Local Classical Strategies vs Geometrical Quantum Constraints

TL;DR

This paper demonstrates through a computational simulation that classical local strategies cannot replicate quantum entanglement correlations due to geometric constraints, challenging the classical explanation of quantum phenomena.

Contribution

It introduces a novel geometric approach and simulation method showing classical strategies fail to reproduce quantum entanglement correlations.

Findings

Classical strategies cannot fully reproduce quantum correlations.

Quantum geometric restrictions are incompatible with classical local operations.

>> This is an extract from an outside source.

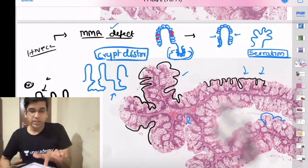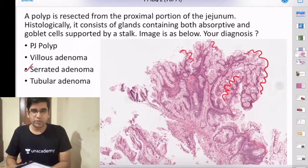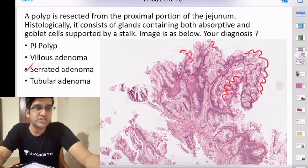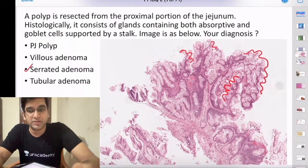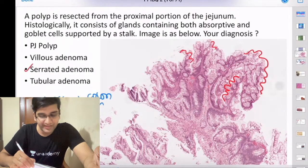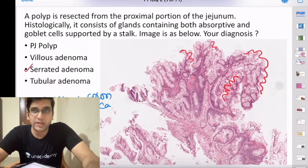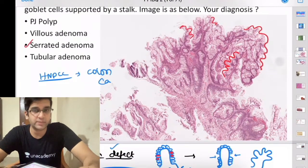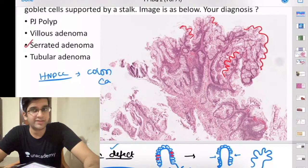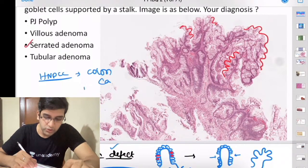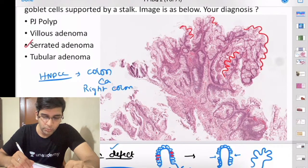In this image, the crypt destruction and villus serrations confirm serrated adenoma. Now extrapolating to right-sided versus left-sided colonic lesions: HNPCC-related colon cancer occurs in the right side of the colon. The APC/beta-catenin pathway causes left-sided cancers. HNPCC-related cancer is most common in the right-sided colon — the ascending colon and half of the transverse colon.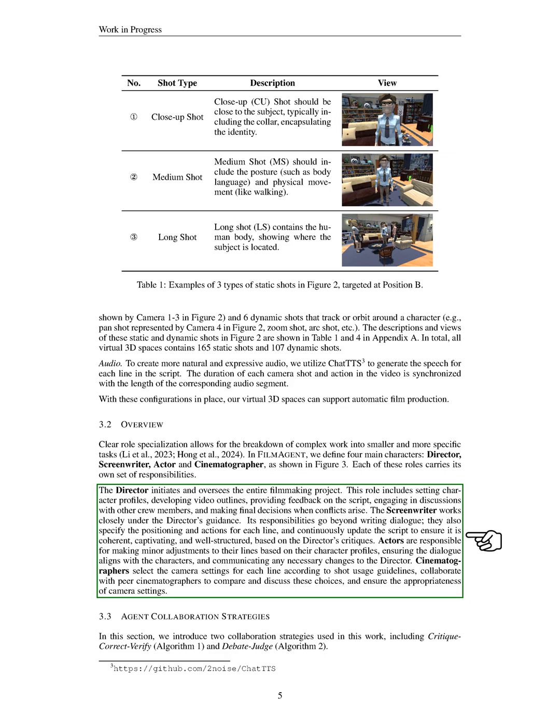We also introduce two collaboration strategies: Critique-Correct-Verify and Debate-Judge. In the Critique-Correct-Verify strategy, one agent generates a response based on context and instructions, while another critiques it for improvements. The first agent then revises the response based on the feedback, and the critique agent evaluates the updates to see if further revisions are needed. In the Debate-Judge strategy, multiple agents propose their responses and engage in a debate to persuade one another. A third agent summarizes the discussion and makes the final judgment. We provide further details on these collaboration strategies in the appendix.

Simulation confirms the fundamental difference between classical and quantum correlations.

Abstract

We use an alternative approach to show that quantum entanglement-like correlations cannot be reproduced for any classical protocol. In our proposal, quantum geometric restrictions are impose over the physical system related to the existence of entanglement and we demonstrate that there is no classical local strategy that can reproduce them completely. Typically, the implementations of Bell inequalities have as a starting point the expectation of classical behavior and as conclusion the violation due to the quantum character of the system. We go the other way around. For this purpose, we build a computational simulation based on the scheme of non-communicating students. In this scheme, the students cannot manipulate the quantum systems but they may set up in advance a common strategy and share some common classical data in order to try to reproduce the given quantum correlations of such systems. By thoroughly searching in the whole space of classical strategies we conclude that local operations and classical communications does not satisfy the geometrical constraints imposed by quantum entanglement.